Thursday, January 01, 2015


When our Eldest Son participated in a Pinewood Derby race, we went out together to buy the kit. I showed him how to clamp the block down, and started the saw cut for him. His enthusiasm waned as he rasped and sanded and painted. I insisted that the axle positions were critical, and showed him he could try to make sure they went in straight.

In the end, he seemed happy with it--after all, he'd done the work himself, albeit with some impatience. It didn't win, but it was well above most of the pack in speed--seemed to slow down a bit with time (Were the axle positions twisting? I never knew.). It was not a thing of beauty, nor lightning fast, but it was clearly made by the boy and not the father, and it was something any boy could make who could afford the $4.50 for the kit and had a few ordinary tools in the house.

I was browsing while waiting in Hobby Lobby last month, and happened upon the Pinewood Derby shelf. The kit itself is the least of it now: you can even buy a special jig to make sure the axle goes in at the right position and angle. Entry level seems to have gone up to about $50.

The playing field was never perfectly equal in the derby: setting aside the parents who did the work for the boy, those who didn't have a saw or rasp or hammer at home were never going to turn out a fast racer, and those who didn't take the instruction's advice and try to arrange their own axle jigs wouldn't either. And there's nothing one can reasonably do to take out the income advantage, unless everybody is making theirs in the same project room with the same gear. Still it seems like an unhappy additional bias.

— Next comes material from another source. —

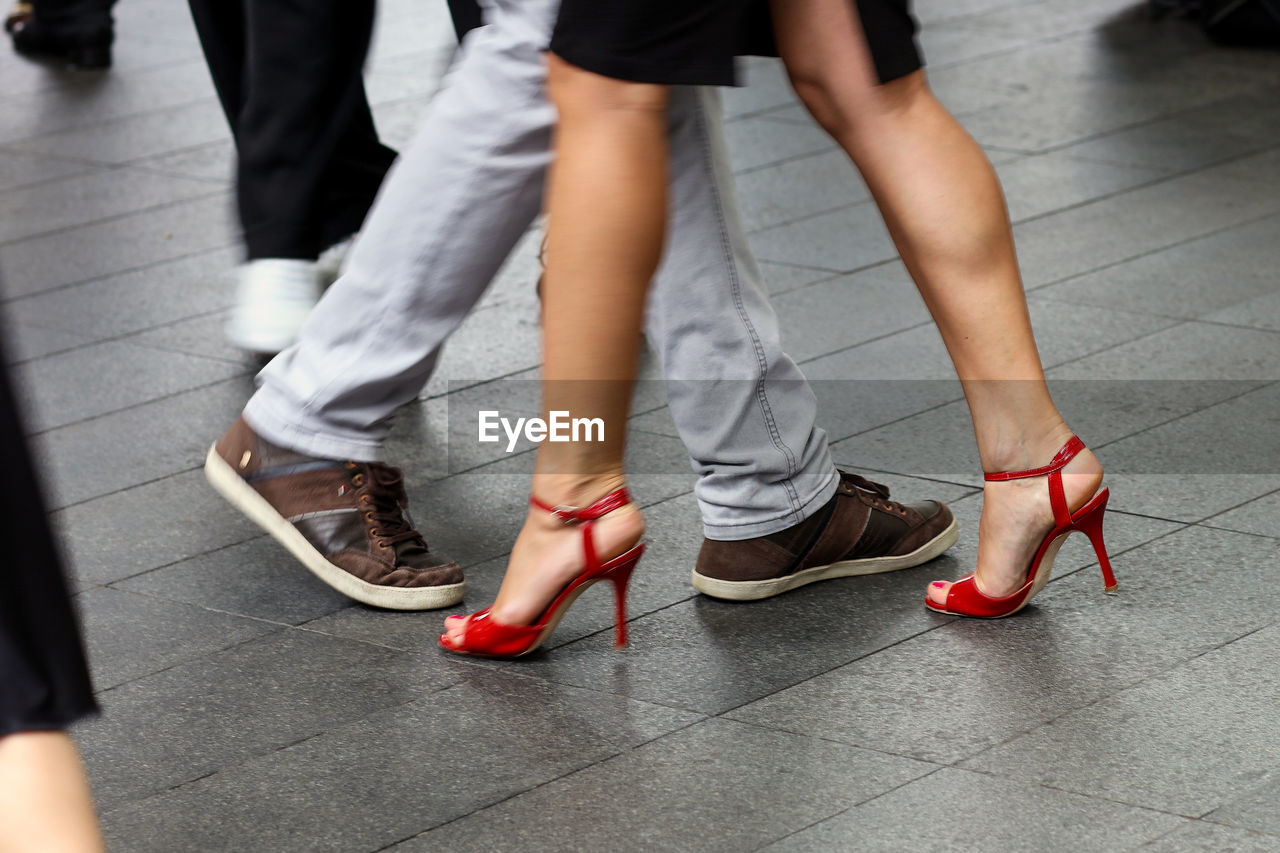 Low section of people walking on footpath in city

Plus, of course, the kids don't get the experience of making their own tools.

1 comment:

Assistant Village Idiot said...

We did Pinewood Derby almost 30 years ago. Even had we broken the rules and had me do most of it, other fathers were better than I anyway. I recall making my own more than 50 years ago, in one of the years when I had no father. I was happy that it was not an abject failure, and my son felt much the same in his day. I do still recall the resentment at those who cheated. I suppose that is also a life-lesson. In their defense, the intended lesson of self-reliance was a good one, but not the only valuable lesson a boy might learn.